Task item: Only these lines, please: the first one of the records through the one containing "23731085 Sunlight Temperature", retyped exactly, both ends included and pictures omitted.

The data Block Start

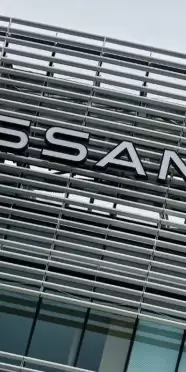 "Nissan, Zor Durumda: Satılmayacak Tek Yeri de Satılıyor!"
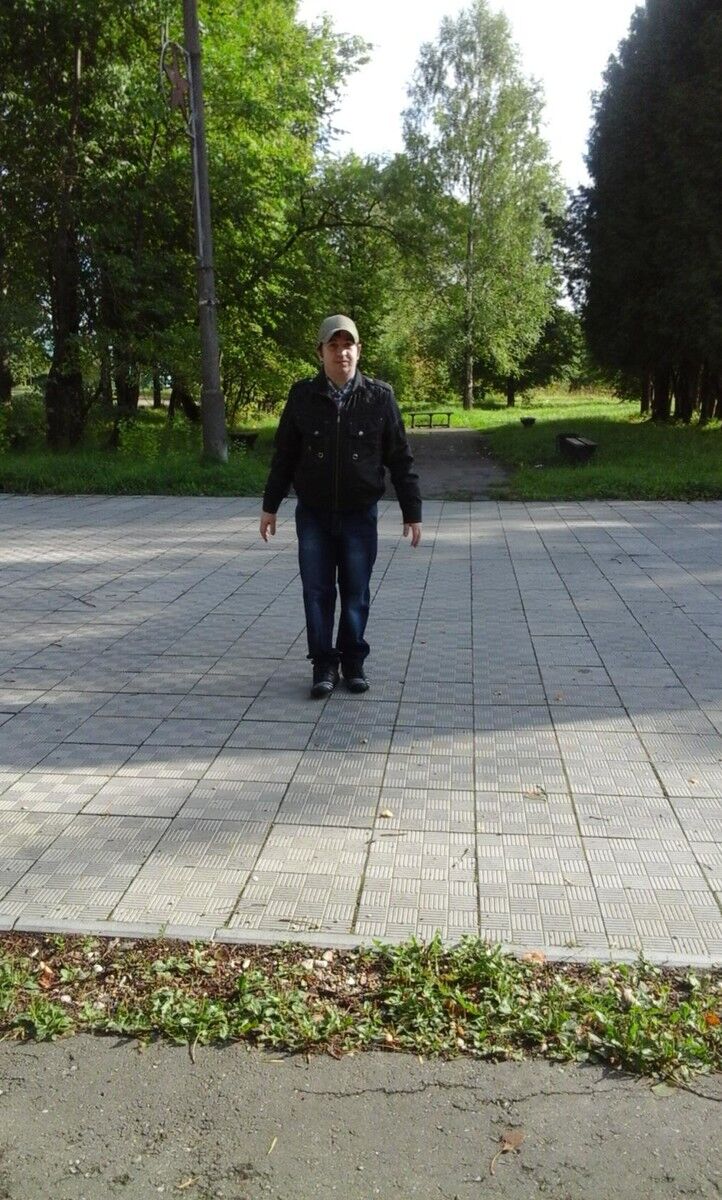 ���������� �����, ���� ������� �����, 38 ���, ������������ ��� ������, ����� � ���������, c�������� ���������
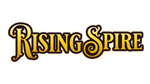 * Rising Spire | Steam РУ+UA+KZ+СНГ*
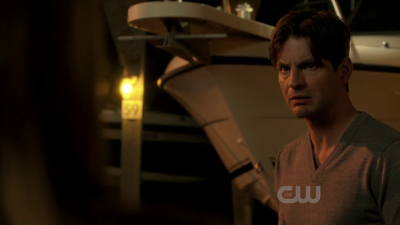 The-secret-circle-1x05-screencaps-0391.png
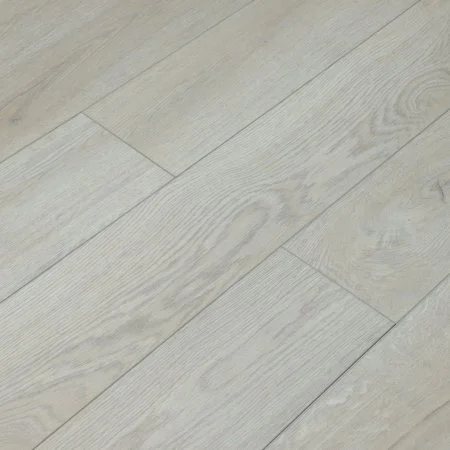 Виниловый пол Royce Ultima U1964 Дуб Рома в Омске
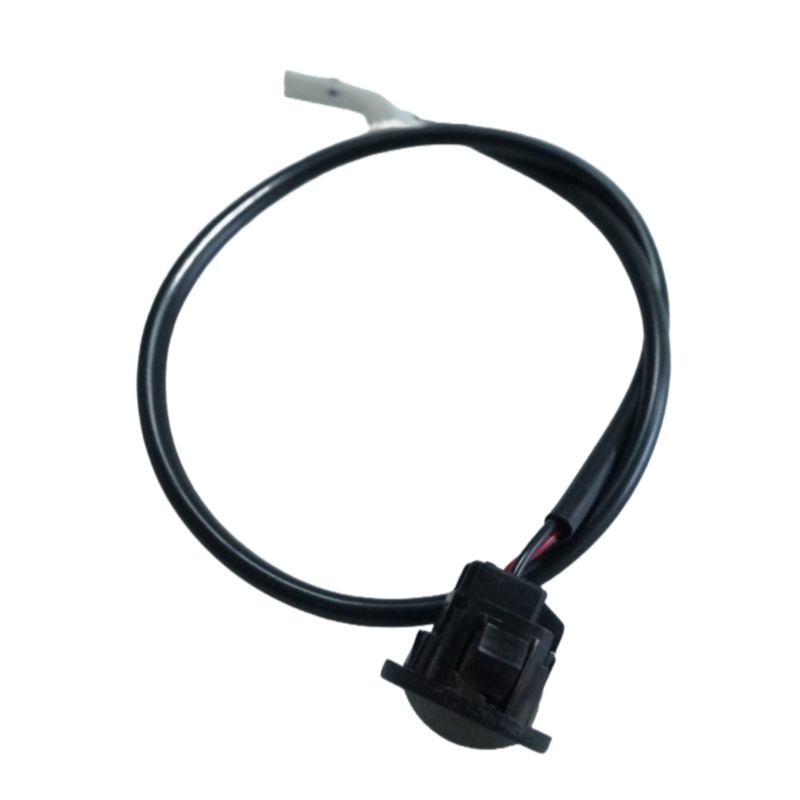 OEM  23731085 Sunlight Temperature Sensor for  GROOVE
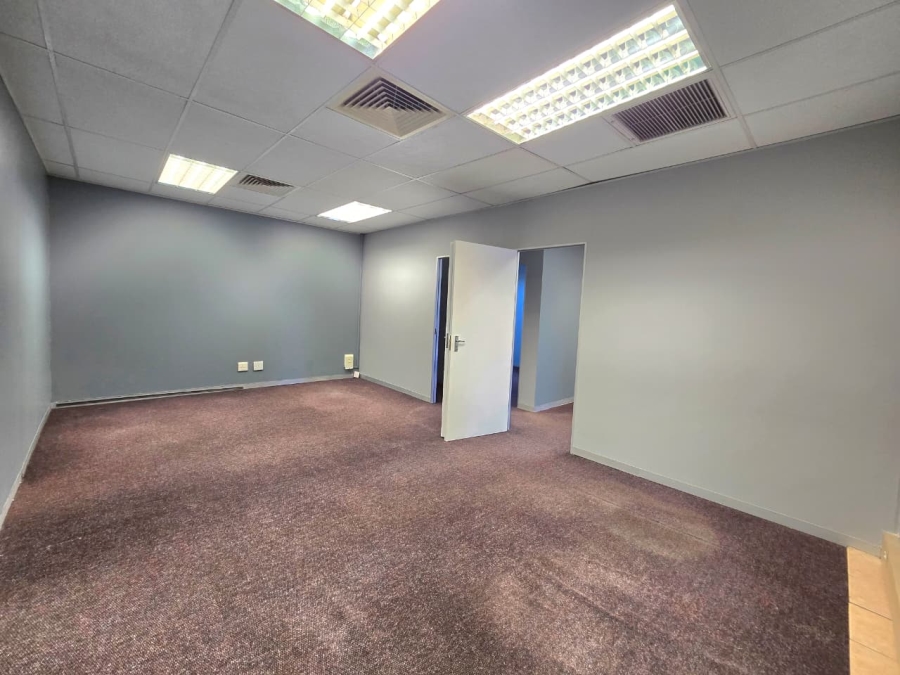 To Let commercial Property for Rent in Montana Park Gauteng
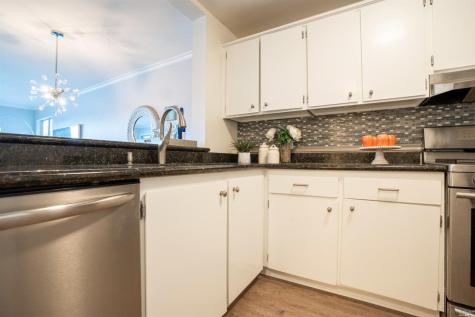 621 Larkspur Plaza Drive Larkspur CA 94939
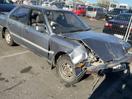 Thumbnail '1' of Toyota Corona 2.0D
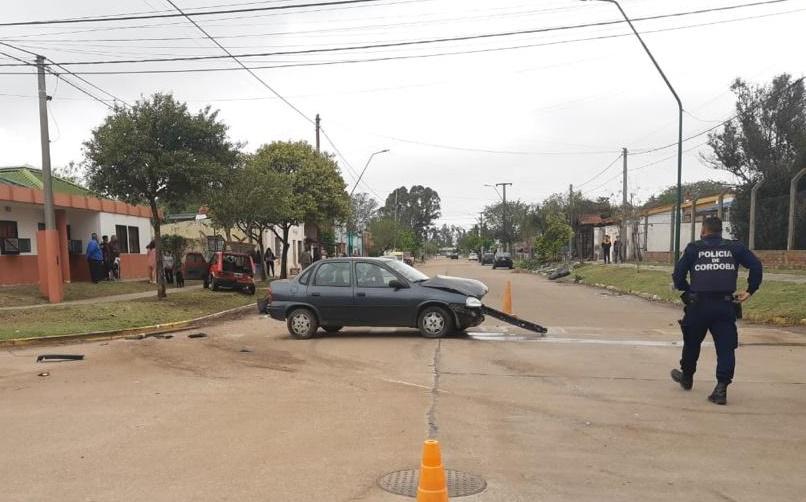 d3cd47ee-e5e9-4a94-91b9-a9211ab9bc7d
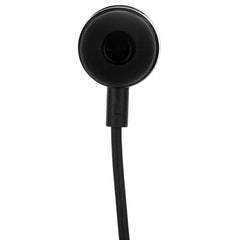 Intelligent 3.5mm Wired In-Ear Earphone with Microphone for Elephone P8000/Universal Android Phone/Tablet PC Audio Headset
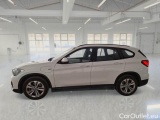  Bmw  X1 BMW  / 2019 / 5P / SUV XDRIVE 25E BUSINESS ADVANTAGE AUTOMATICO #8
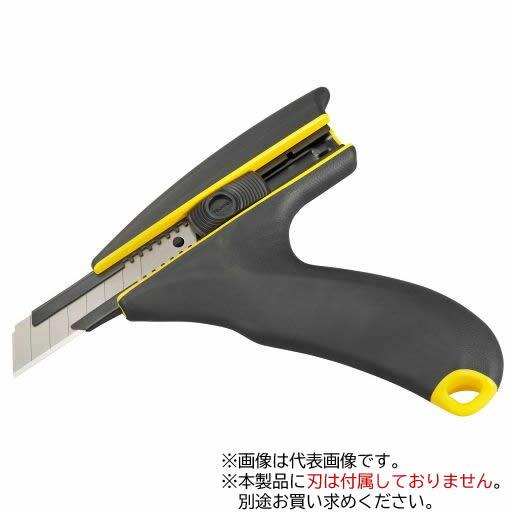 ∀タジマ/TAJIMA 【DC690/Y】コーキングカッターJ ハンドル 超厚物切断用 刃別売 (4...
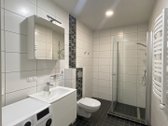 Išnuomojamas šviesus, jaukus 2 kambarių butas - nuotraukos Nr. 14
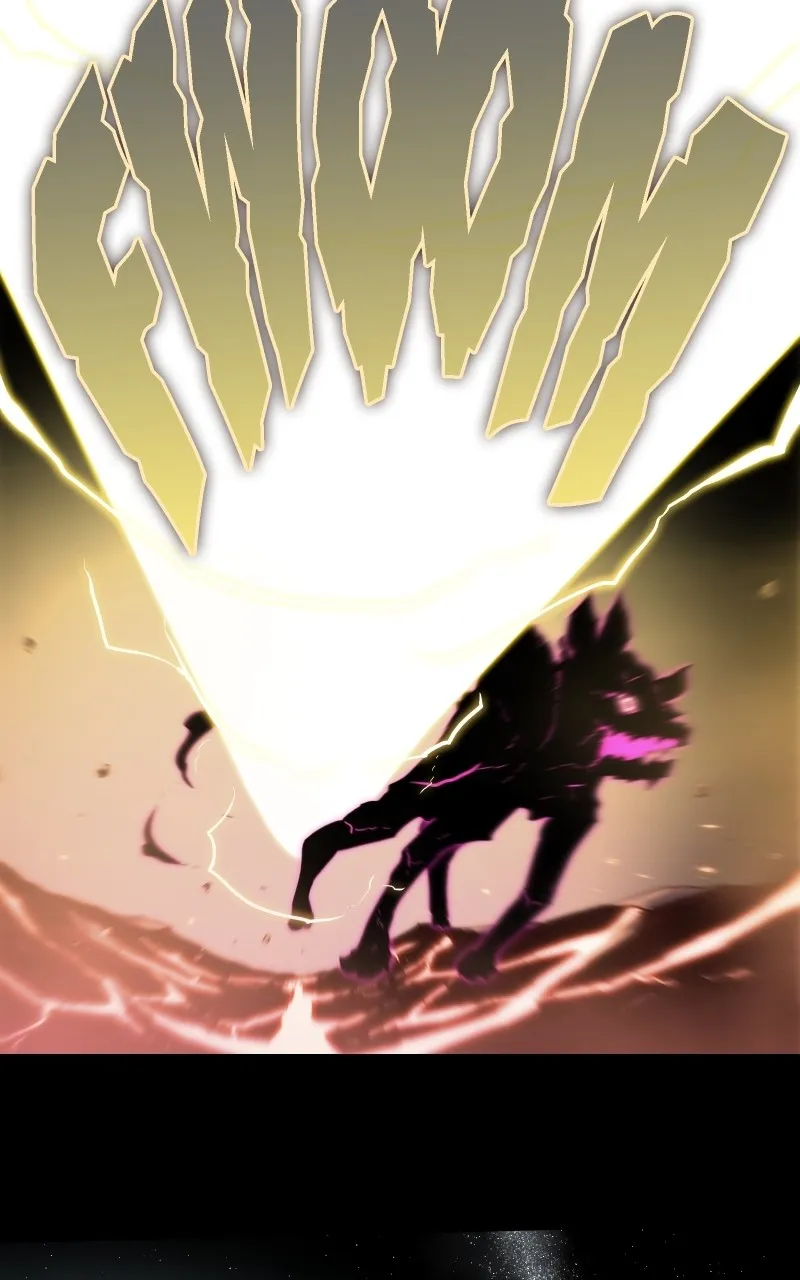 Children of Mirra Chapter 80 page 79 - 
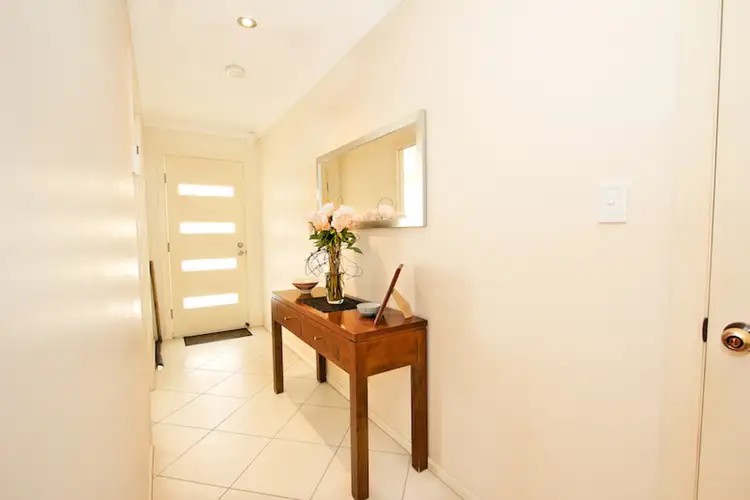 Second view of Homely house listing, 14 Spaxton Crescent, Craigmore SA 5114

The data Block End

Result of this exercise:
 "Nissan, Zor Durumda: Satılmayacak Tek Yeri de Satılıyor!"
 ���������� �����, ���� ������� �����, 38 ���, ������������ ��� ������, ����� � ���������, c�������� ���������
 * Rising Spire | Steam РУ+UA+KZ+СНГ*
 The-secret-circle-1x05-screencaps-0391.png
 Виниловый пол Royce Ultima U1964 Дуб Рома в Омске
 OEM  23731085 Sunlight Temperature Sensor for  GROOVE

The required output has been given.